╭─ Extracted entries

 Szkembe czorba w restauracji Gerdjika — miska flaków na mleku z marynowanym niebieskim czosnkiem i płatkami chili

╰─
╭─ Extracted entries

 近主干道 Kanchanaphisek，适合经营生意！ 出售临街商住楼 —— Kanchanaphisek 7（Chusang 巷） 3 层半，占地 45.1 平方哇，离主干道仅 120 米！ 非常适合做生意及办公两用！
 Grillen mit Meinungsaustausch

╰─
╭─ Extracted entries

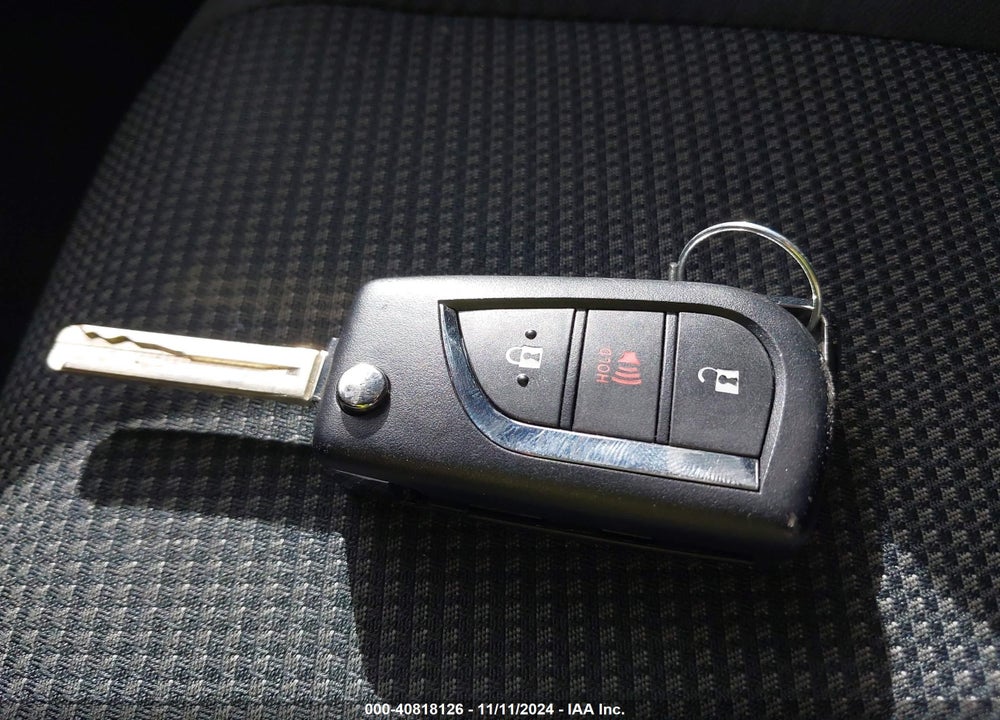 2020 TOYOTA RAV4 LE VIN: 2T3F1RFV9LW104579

╰─

Assignment:
The required answer is the exact run of lines above starting at the line with "近主干道 Kanchanaphisek，适合经营生意！ 出售临街商住楼" and ending at the line with "Grillen mit Meinungsaustausch", with both ends present.

Result of the task:
 近主干道 Kanchanaphisek，适合经营生意！ 出售临街商住楼 —— Kanchanaphisek 7（Chusang 巷） 3 层半，占地 45.1 平方哇，离主干道仅 120 米！ 非常适合做生意及办公两用！
 Grillen mit Meinungsaustausch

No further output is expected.